Introduction: Concepts, Words, Historical Realities of a “Classical” Dichotomy

Why a book about dār al-islām / dār al-ḥarb? Because this terminological pair—“the abode of Islam” and “the abode of war”—has never really been the focus of research specifically devoted to it, despite its being currently referred to in studies as if it were widely known and representative of “the Islamic vision” of the world.

So far, in fact, no analysis aimed at reconstructing its historical and conceptual origins has been attempted, exploring its articulations and also its reception within the different genres of Islamic literature, other than juridical texts.

 When, some years ago, the issue was raised in an article,1 the topic appeared in all its complexity, and from there the idea of drawing other scholars’ attention to the theme originated.

This book actually stems from the International Colloquium entitled “Dār al-islām/dār al-ḥarb: territories, people, identities”, held at Sapienza University of Rome on 5–6 December 2012, whose purpose was to start providing some answers by exploring a territory which used to be considered familiar but was in fact relatively unexplored.

Moreover, although it is true that dār al-islām / dār al-ḥarb is a categorization coined by Muslim jurists, the tendency in studies to emphasize the primary role of law, especially in Sunni Islam, has until now narrowed down the field of research almost exclusively to juridical texts.

Thus, it is essentially within juridico-political studies, mainly in the sections concerning jihad, that the two notions are dealt with (e.g., in Khadduri, Lambton, Crone, Hallaq),2 still without being themselves the object of a thorough anal-ysis. However, as Éric Chaumont observes in his article, “le rapport à l’autre  en islam ne s’épuise pas dans la doctrine du jihad […]: ce rapport belliqueux s’impose dans les cadres du droit musulman et, malgré l’importance du fiqh en son sein, l’islam ne se réduit pas à son droit.”3

It should also be pointed out that not even the jurists who coined these terms and used them widely in their writings gave a definition or dealt with them in a separate section. And this could explain the scant attention that the two categories themselves have received, while in our view even this absence in medieval sources should be given some reflection.
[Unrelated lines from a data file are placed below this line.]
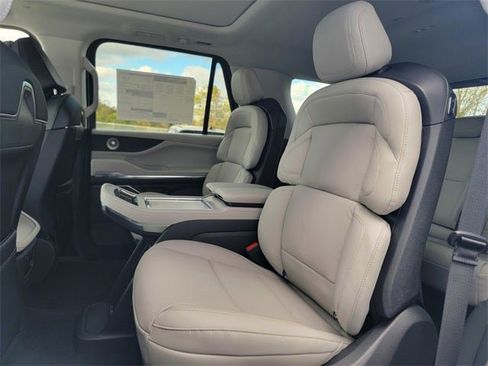 New 2025 Lincoln Navigator Reserve image 20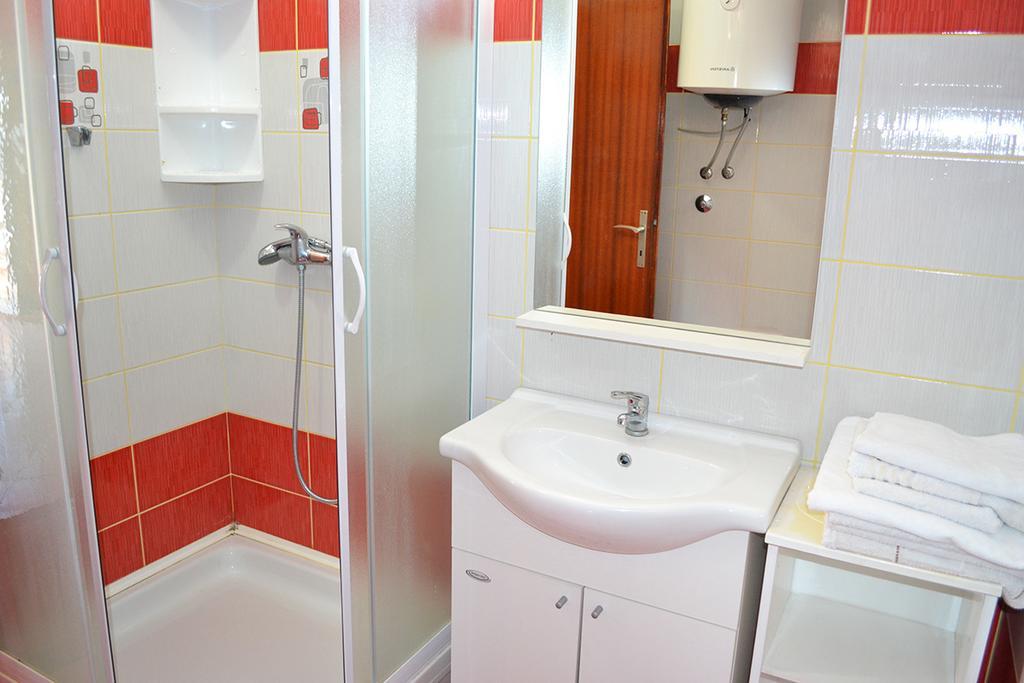 Apartmani Delfin Grebastica Exterior photo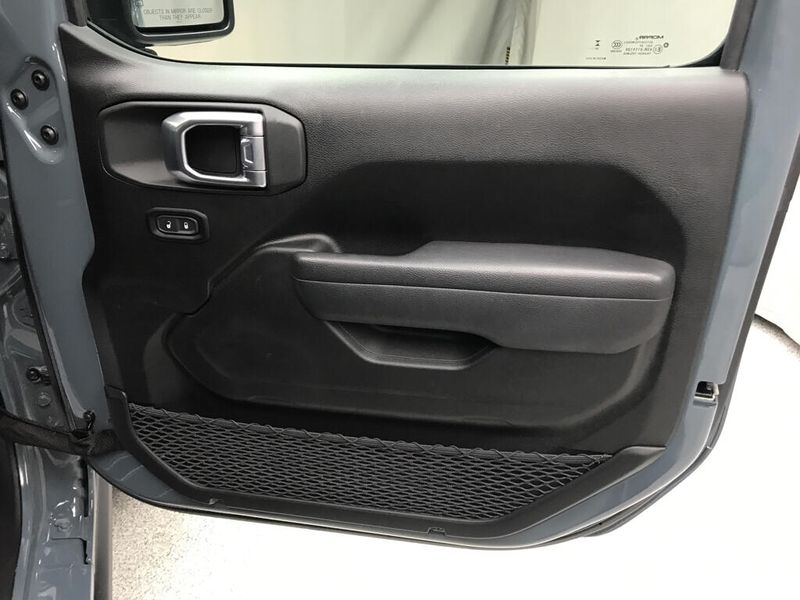 Used 2024 Jeep Gladiator NighthawkImage 15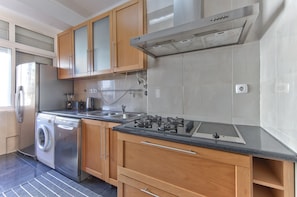 Microwave, dishwasher, coffee/tea maker, cookware/dishes/utensils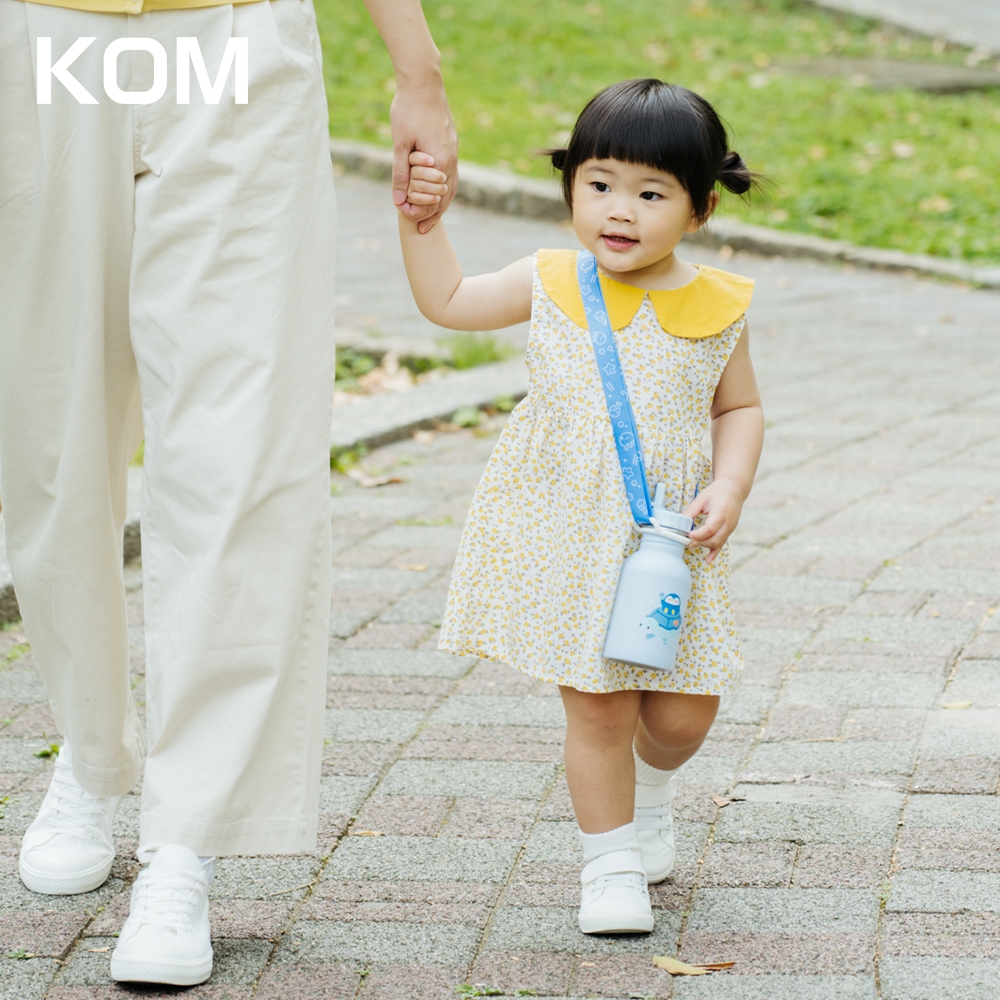 【KOM】海洋歷險趣 台灣製 316不鏽鋼兒童隨身瓶 兒童水壺350ml(附吸管 背帶), 淡淡藍, large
Actually, it is something which might be compared with the way Muslim jurists dealt with conversion to Islam, an eminently religious event and yet entailing a change of juridical status, which as such must have been a significant issue for Islamic law in its formative period.

However, Muslim scholars did not provide a separate heading for it, scattering the whole matter and its rich casuistry in different sections of their treatises, above all in their chapters on marriage.4

Thus, a closer study of this dual categorization and its terminology requires that we reconsider more generally a different way of thinking, with its own characteristics, which should be explored rather than observed through the prism of other ways of thinking5 which makes us see an absence as something “lacking” rather than something that ought to be interpreted.

For instance, what can be drawn from medieval Arabic lexicons, so far never systematically analyzed with reference to the two expressions at issue? And yet, dictionaries “have an important role in revealing clues to the way a culture organizes its conceptual categories, its episteme.”6

Actually, going through the main classi-cal Arabic dictionaries dating from between the third/ninth and eighth/fourteenth centuries, the dār al-islām collocation is not found either under the entry dār or islām; but investigating this absence enables us now to consider how Arabic lexicographers treated the two phrases which are the object of our collective exploration, to have an insight into their categories and to read them within the more general framework of the different Islamic genres.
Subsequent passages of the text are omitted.